Computer Vision#

The Computer Vision toolkit provides a hands-on journey through modern image understanding techniques - from classic CNN classifiers to cutting-edge generative and tracking models - all running on AMD GPU acceleration.

CV01 - Image Classification with CNN#

Build a Convolutional Neural Network from scratch and train it on the CIFAR-100 dataset (100 object categories). You will implement convolutional blocks, batch normalization, dropout, and a fully connected classifier head using PyTorch, then monitor training progress through loss and accuracy curves.

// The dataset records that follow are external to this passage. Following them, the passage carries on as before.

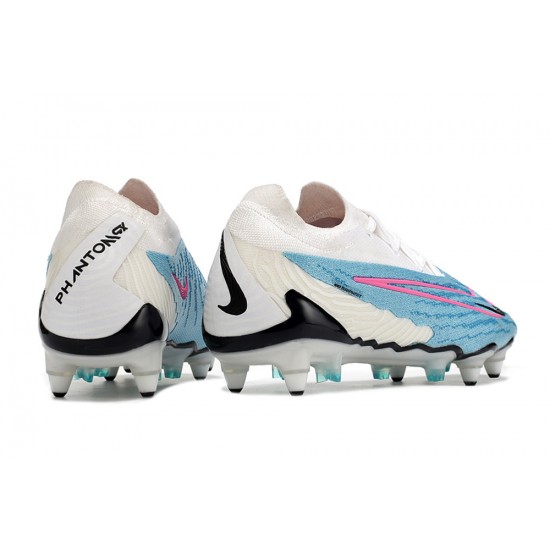 Nike Phantom GX Elite Link PRO SG Anti Clog Blue White Pink Low-top Footballboots For Men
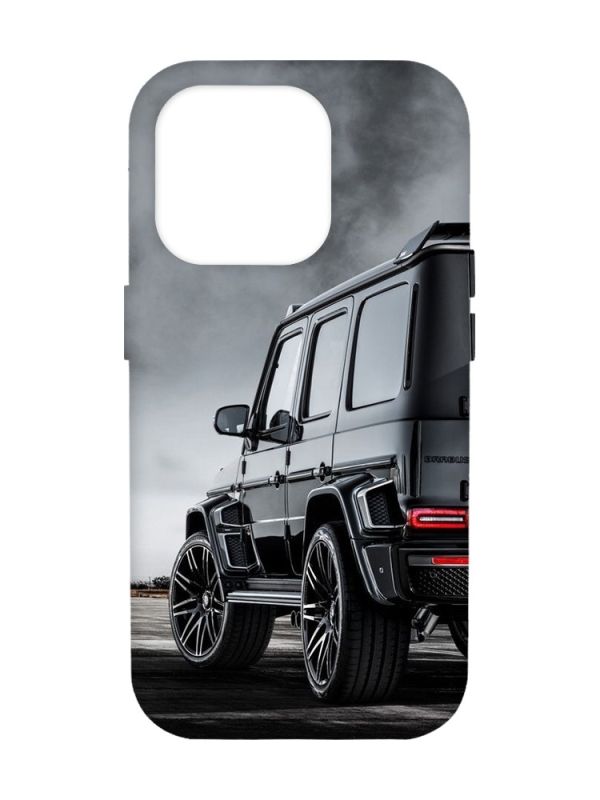 Матовий чохол з чорними боками на Apple iPhone 14 Pro Max :: Авто чорне (принт 235)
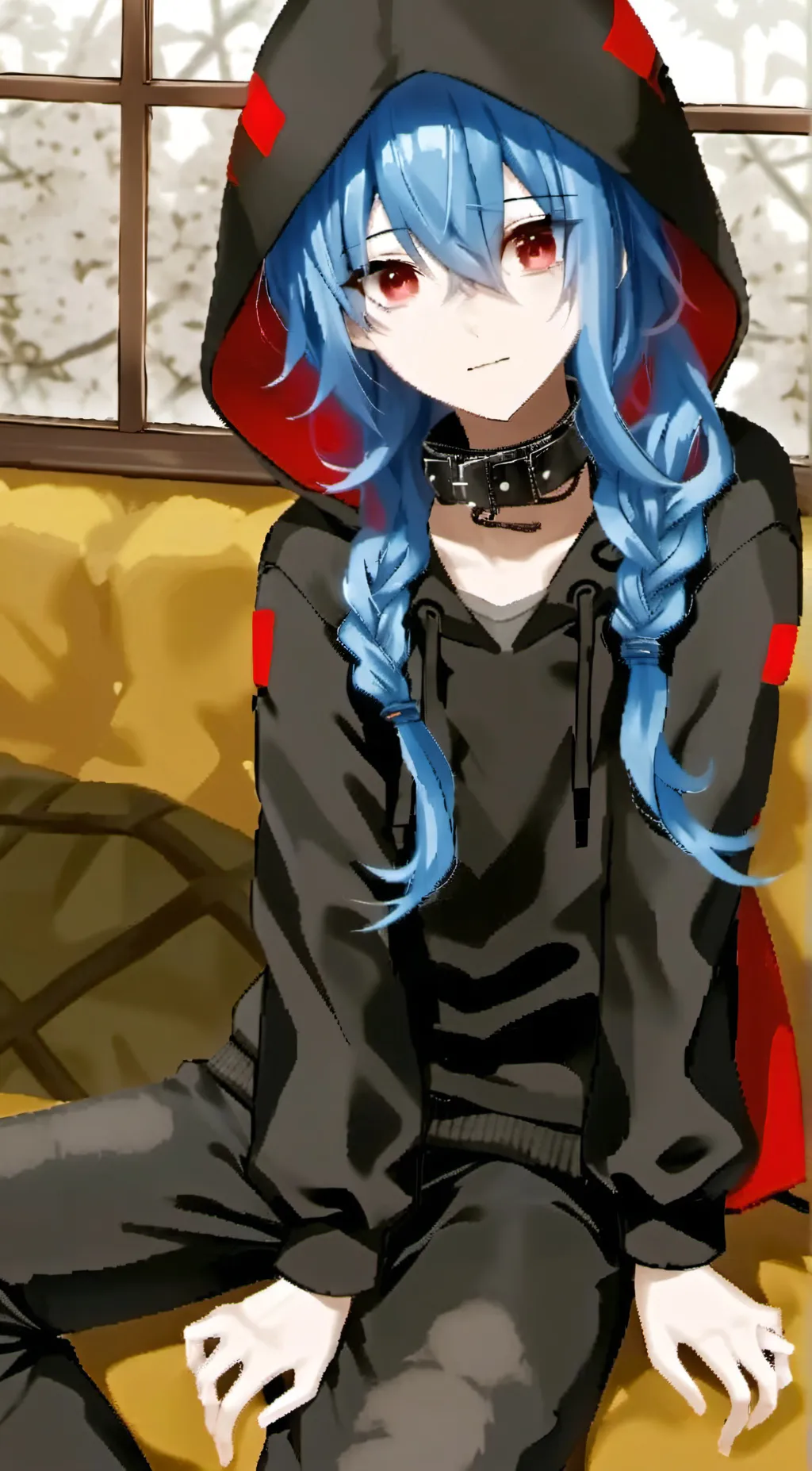 ai character: Amber background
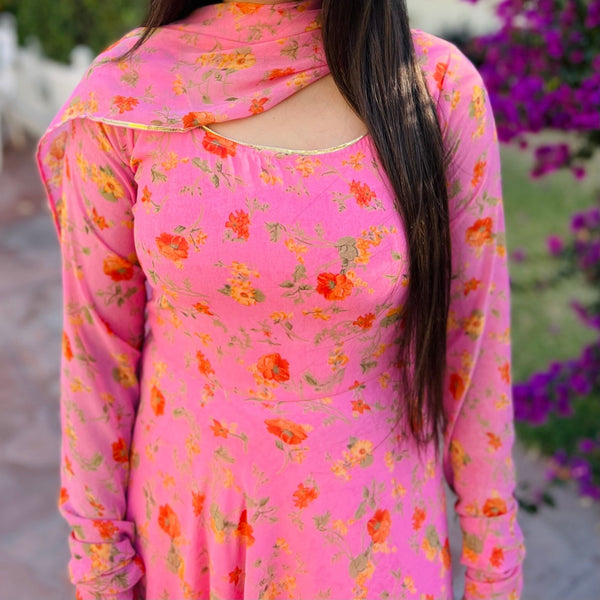 Blush Berry Floral Suit Set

CV02 - Deep Residual Networks (ResNet-50)#

Train a ResNet-50 classifier on CIFAR-100 and explore how residual (skip) connections solve the vanishing-gradient problem in very deep networks. The lab covers Top-1/Top-5 accuracy evaluation and qualitative inspection of sample predictions.

CV03 - Object Detection with YOLOv9#

Apply YOLOv9 (“You Only Look Once”), a state-of-the-art one-stage detector, to locate and classify multiple objects in a single forward pass. You will train the model for ~10 epochs, evaluate it on validation images, and visualize detection bounding boxes.

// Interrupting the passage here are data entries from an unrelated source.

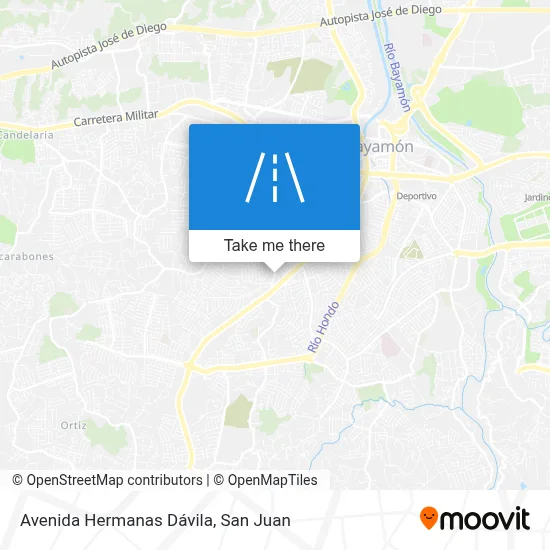 Avenida Hermanas Dávila map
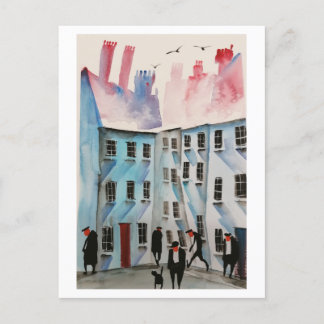 Urban Dwellers Art Postcard 8
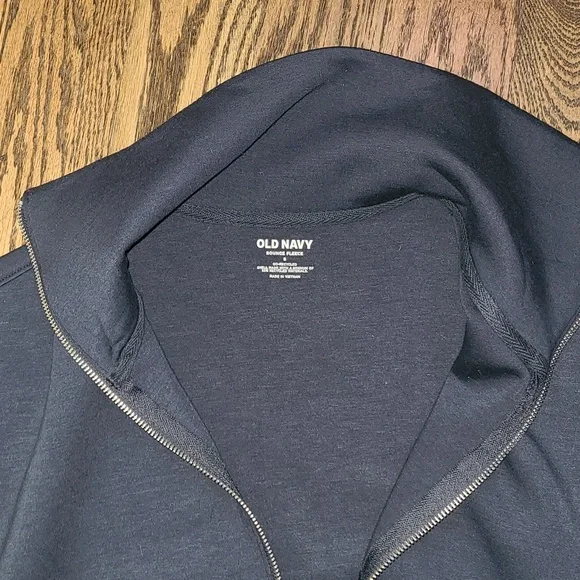 Old Navy Bounce Fleece Blue Full-Zip Jacket - Picture 3 of 6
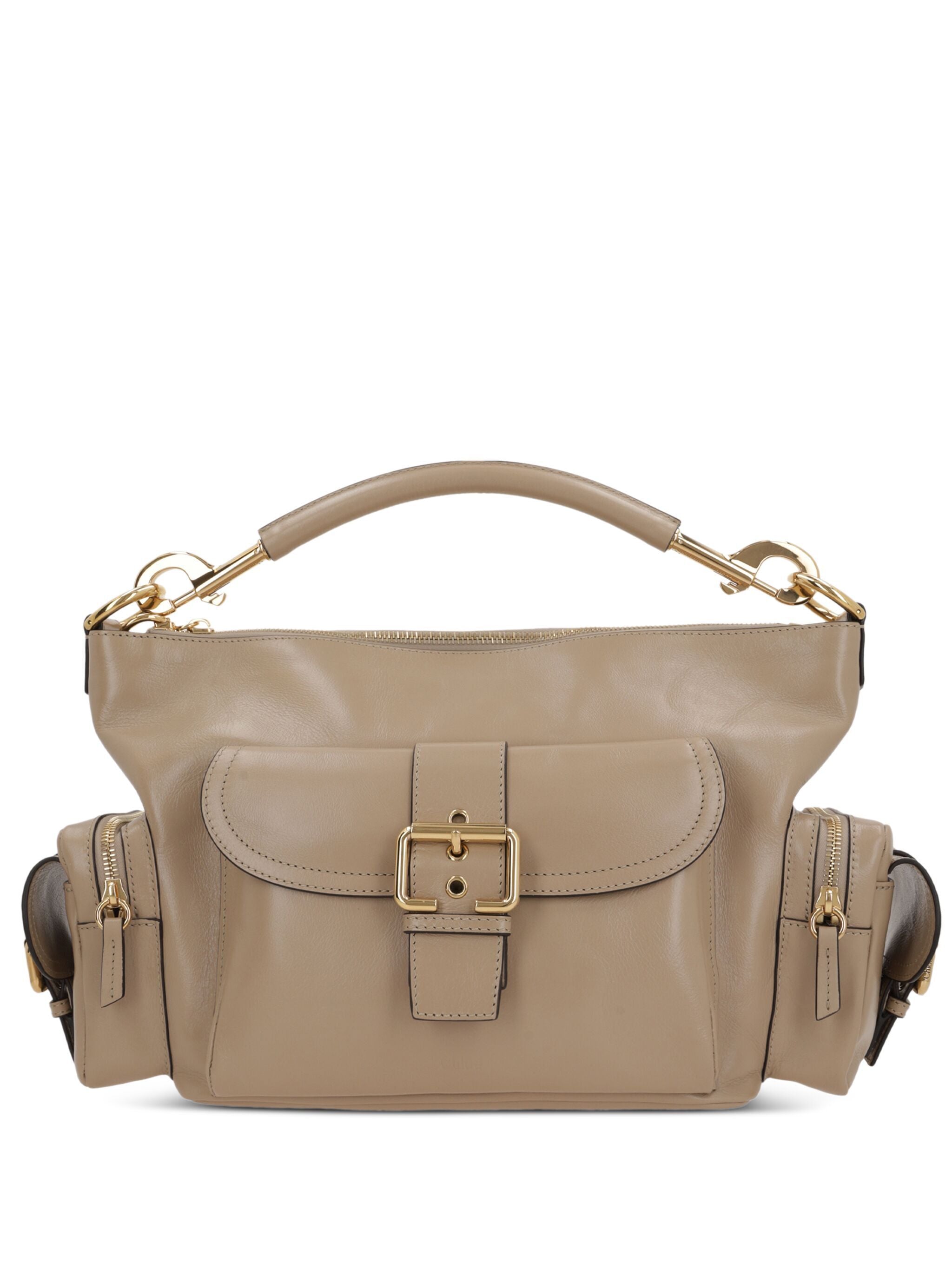 CHLOÉ Leather Camera Handbag with Adjustable Strap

CV04 - Semantic Segmentation with SegNet#

Train a SegNet encoder–decoder on the CamVid autonomous-driving dataset to assign a class label (road, car, pedestrian, building, …) to every pixel in an image. The lab saves checkpoints and produces side-by-side comparisons of predictions vs. ground truth.

CV05 - Segment Anything (SAM)#

Run inference with Meta AI’s Segment Anything Model (SAM), a foundation model that generalises to any image without task-specific training. The lab covers both automatic (all-mask) and prompt-based (point/box) segmentation modes, producing coloured overlay maps.

CV06 - Multi-Object Tracking with YOLOv8 + ByteTrack#

Apply a pretrained YOLOv8 detector combined with the ByteTrack association algorithm to track multiple objects across video frames, assigning each a persistent identity. No training is required - the lab focuses on end-to-end inference on custom videos.

CV07 - Variational Autoencoder (VAE & cVAE)#

Implement a Variational Autoencoder on MNIST to learn a probabilistic latent space, then sample from it to generate new handwritten digits. The lab also covers the Conditional VAE (cVAE) variant, which lets you control which digit class is generated.